Exercise instructions
Give back exactly the lines that run from the beginning of the entries to the line containing "negro samsung buds 2 pro", both included, and nothing else.

╭─ Input for this task

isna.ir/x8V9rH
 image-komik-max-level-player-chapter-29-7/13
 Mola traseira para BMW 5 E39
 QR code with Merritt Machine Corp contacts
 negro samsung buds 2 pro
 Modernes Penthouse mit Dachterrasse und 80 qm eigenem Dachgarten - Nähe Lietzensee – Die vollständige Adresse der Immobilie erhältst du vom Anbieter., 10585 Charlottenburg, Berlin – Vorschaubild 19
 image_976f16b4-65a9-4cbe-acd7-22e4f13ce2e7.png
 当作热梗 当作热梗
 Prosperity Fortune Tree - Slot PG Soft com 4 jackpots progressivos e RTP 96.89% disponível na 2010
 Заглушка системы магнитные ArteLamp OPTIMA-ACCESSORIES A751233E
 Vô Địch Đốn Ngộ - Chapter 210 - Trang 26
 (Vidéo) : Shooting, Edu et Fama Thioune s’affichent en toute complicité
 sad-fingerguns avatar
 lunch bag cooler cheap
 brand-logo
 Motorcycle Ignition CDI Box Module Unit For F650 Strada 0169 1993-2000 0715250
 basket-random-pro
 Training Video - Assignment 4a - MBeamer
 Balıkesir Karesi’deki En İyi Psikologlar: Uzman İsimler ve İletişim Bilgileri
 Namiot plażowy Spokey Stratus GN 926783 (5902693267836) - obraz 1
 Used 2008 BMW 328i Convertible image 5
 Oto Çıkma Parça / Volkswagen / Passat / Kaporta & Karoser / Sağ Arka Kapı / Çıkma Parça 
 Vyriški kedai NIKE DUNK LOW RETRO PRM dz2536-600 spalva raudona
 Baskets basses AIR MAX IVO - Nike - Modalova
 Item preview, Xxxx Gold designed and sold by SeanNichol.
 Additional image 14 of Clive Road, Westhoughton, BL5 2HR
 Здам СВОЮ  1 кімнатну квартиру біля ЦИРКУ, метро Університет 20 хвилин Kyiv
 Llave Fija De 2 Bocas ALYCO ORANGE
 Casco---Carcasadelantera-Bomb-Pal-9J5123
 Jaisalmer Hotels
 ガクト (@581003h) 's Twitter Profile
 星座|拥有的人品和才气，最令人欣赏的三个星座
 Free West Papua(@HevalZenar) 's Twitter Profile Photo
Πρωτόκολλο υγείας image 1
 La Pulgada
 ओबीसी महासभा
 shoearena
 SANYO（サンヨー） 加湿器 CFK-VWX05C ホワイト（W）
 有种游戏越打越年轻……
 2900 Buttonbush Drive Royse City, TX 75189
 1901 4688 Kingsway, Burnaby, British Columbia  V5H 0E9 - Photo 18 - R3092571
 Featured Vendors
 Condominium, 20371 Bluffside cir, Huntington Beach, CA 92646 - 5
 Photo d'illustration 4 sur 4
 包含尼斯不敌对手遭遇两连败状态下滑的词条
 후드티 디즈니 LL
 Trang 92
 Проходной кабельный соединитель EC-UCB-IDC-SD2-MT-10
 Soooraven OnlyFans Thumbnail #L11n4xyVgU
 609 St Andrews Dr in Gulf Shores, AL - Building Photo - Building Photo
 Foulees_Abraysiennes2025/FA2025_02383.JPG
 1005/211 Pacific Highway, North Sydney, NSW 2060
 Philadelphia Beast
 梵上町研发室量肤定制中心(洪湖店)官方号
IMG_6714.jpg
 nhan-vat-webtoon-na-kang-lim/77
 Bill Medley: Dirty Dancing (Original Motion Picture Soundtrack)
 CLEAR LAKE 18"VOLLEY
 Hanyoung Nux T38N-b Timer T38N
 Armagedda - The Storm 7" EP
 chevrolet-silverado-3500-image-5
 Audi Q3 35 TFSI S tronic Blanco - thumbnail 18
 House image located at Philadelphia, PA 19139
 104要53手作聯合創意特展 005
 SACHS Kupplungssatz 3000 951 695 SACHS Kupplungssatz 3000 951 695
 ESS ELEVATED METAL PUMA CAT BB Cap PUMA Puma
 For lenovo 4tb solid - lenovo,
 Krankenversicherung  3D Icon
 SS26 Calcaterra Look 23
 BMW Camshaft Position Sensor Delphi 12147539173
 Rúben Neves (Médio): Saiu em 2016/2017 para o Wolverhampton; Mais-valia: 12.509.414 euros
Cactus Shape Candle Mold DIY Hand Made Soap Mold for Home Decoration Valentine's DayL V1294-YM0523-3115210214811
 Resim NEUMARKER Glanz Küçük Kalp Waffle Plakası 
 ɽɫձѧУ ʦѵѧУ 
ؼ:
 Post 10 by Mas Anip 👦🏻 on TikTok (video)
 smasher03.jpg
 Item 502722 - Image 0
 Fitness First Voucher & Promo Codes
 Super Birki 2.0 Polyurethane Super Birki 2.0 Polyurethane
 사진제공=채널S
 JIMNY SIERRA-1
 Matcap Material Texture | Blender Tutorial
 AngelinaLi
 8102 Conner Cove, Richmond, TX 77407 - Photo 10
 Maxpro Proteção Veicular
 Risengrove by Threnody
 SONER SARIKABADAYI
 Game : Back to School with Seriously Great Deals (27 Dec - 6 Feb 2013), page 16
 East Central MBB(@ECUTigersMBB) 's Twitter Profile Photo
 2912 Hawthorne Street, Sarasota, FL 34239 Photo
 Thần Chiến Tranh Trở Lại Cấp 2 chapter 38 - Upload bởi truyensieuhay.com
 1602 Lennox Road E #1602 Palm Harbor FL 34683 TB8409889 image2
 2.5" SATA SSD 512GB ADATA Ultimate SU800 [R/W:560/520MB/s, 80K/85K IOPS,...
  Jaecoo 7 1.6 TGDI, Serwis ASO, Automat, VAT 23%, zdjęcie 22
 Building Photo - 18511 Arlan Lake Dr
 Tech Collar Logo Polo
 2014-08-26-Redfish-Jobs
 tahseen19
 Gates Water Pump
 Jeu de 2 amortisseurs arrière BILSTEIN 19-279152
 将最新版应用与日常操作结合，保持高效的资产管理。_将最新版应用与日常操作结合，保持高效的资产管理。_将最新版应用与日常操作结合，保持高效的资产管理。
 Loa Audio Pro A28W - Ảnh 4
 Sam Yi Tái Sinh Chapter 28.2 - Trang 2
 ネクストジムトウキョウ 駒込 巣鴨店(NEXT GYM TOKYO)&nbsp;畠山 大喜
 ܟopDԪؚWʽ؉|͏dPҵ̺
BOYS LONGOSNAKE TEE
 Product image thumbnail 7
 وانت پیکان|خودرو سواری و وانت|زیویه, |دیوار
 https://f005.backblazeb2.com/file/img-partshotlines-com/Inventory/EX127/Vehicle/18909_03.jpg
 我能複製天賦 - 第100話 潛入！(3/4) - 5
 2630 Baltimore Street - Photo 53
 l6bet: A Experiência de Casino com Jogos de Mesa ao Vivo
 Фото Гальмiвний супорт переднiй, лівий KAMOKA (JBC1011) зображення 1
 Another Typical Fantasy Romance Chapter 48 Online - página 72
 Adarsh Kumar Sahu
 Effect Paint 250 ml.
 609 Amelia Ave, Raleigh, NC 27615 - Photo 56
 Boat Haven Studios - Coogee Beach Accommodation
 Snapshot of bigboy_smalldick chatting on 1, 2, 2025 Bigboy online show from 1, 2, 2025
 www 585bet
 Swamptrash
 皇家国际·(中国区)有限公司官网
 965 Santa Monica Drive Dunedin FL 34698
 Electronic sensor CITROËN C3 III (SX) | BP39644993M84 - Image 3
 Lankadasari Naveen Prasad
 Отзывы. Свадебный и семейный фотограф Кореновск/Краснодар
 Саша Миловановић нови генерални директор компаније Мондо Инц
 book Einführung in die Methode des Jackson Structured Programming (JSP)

╰─

Written answer
isna.ir/x8V9rH
 image-komik-max-level-player-chapter-29-7/13
 Mola traseira para BMW 5 E39
 QR code with Merritt Machine Corp contacts
 negro samsung buds 2 pro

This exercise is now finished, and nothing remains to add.